I took a photography class this summer. Sitting to my right in the lab was a thirty-something businessman, wedding ring on and briefcase by his side, gelled hair, and a…Salvador Dali mustache? What would prompt a so obviously normal-to-the-point-of-boring person to meticulously grow and then groom such an accessory? I stared at it for a semester but did not muster the courage to ask him why.
Since then, I’ve separately noticed two local restauranteurs’ seemingly neck-and-neck mustache growing competition and, with said recognition, a remembrance of their former place of business and its framed poster of stached-to-the-max Tom Selleck circa 1980. So what gives? Why am I noticing something I’ll never have the opportunity to obtain (theater makeup or testosterone injections notwithstanding)?
It seems I’m not the only one connecting to the facial hair phenomenon. A quick online search brought me to the World Beard and Moustache Championships, a biennial competition in which men with beards and mustaches “display lengthy, highly-styled facial hair” and where one can learn “everything you need to know about international facial hair competition!” It seems this group (and others like it) is about more than folical jollies–as contestants travel the world and can win thousands of dollars for out-staching the competition.

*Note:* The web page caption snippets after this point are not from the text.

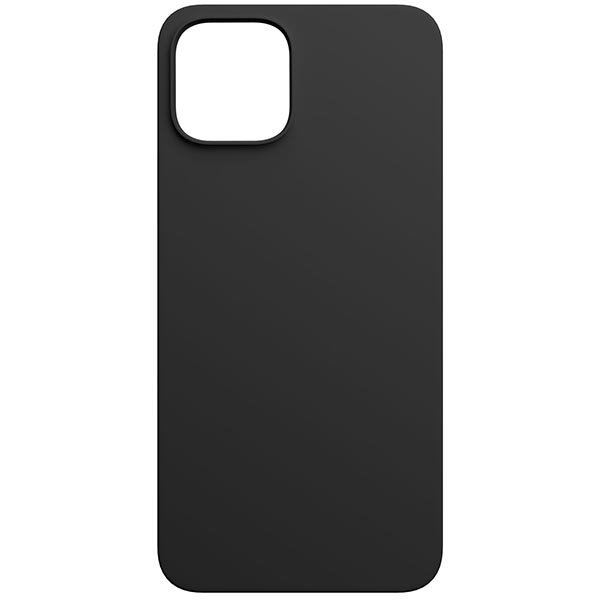 3MK Silicone Case iPhone 14 / 15 / 13 6.1&quot; czarny/black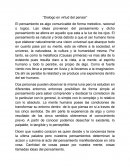 El pensamiento humano: Una exploración de su naturaleza y funcionamiento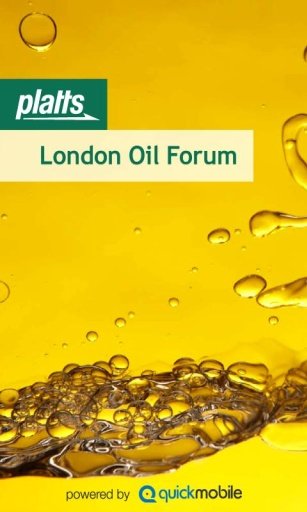 Platts London Oil Forum截图2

As it turns out, displaying one’s hair growing prowess is nothing new. Remember all those old, black and white photos of military men with varying degrees of facial hair from your history classes? Turns out the style of one’s stache was a direct correlation to his rank. The younger men and lower ranks had smaller, thinner mustaches, which they were permitted to grow thicker and fuller as their careers developed. Both Civil War Generals Robert E. Lee and Ulysses S. Grant had fully developed beards by 1865, a sure sign of their masculinity and strength–much more influential and intimidating than, say, rifles.
The cultural connotations go beyond the rigidity of the military, as mustaches have cultural connotations too. In the early twentieth century, comedian Charlie Chaplin created the iconic character, The Tramp, whose signature look included the toothbrush mustache. This stache is shaved on both sides, with whiskers remaining only directly under the lip, and was fashionable in the working-class men of the era in response to the more extravagant Kaiser mustaches of the wealthy.
What say you? You haven’t heard of the toothbrush? Okay. Let’s dig deeper. You may have heard of Adolf Hitler? Yeah, so has the rest of the world, heard and, unfortunately for Chaplin, seen Hitler’s stache. While Hitler’s attempt at world domination ultimately failed, his association with the toothbrush mustache forever made it the red-headed stepchild of facial hair. In fact, as recently as last year, comedian Richard Herring explored the cultural impacts of Hitler’s facial hair and its effect on Chaplin, popular culture, and politics in general in Hitler Moustache.
He says [along with this brand of mustache], “somehow, along with the name Adolf and the swastika, which was originally a Hindu symbol of peace, we’re not even allowed to have these things.” And he’s using comedy to attempt to diffuse what he considers Hitler’s ownership of these things. Seventy years later, no one wears the stache, so Herring has grown one out and walked the streets looking for reaction.
Artist Frida Kahlo used her mustache in her self-portraits, a unique and daring representation; essentially uglying herself up on the outside to show us how she felt on the inside. While she did have a stache, it was hardly as prominent as she made it seem in her work (same goes for her unibrow), but her over-emphasizing of facial hair as a tool to represent her power as a female stuck in a male-dominated industry with a more-prominent husband (Diego Rivera) is my personal favorite use of the mustache in popular culture.
Salvidor Dali loved his facial hair so much, he wrote a book exclusively on the subject. Dali’s Moustache is a collaboration between the eccentric, brilliant artist, his stache, and his friend, portrait photographer Philippe Halsman. It features 36 unique versions of his mustache, twisted and styled into visual storylines which are then buoyed along by an “interview” with Dali regarding the mustache.
Who knew there was so much history? At Glorious Mustache, one can learn all sorts of weird, yet true, stache facts. For example, “Scientific research, commissioned by the Guinness Brewing Company, found that the average mustachioed Guinness drinker traps a pint and a half of the creamy nectar every year.” Perhaps this is a reason for the mustache’s lack of popularity among Fraternity Brothers?
If I ever have another class with Mr. Mustachio’d Businessman, I won’t be silently wondering why he meticulously twists the ends of his stache into wiry spirals set in place with some form of wax product. I’ll take him out for a beer to discuss the how’s and why’s–and offer him a straw.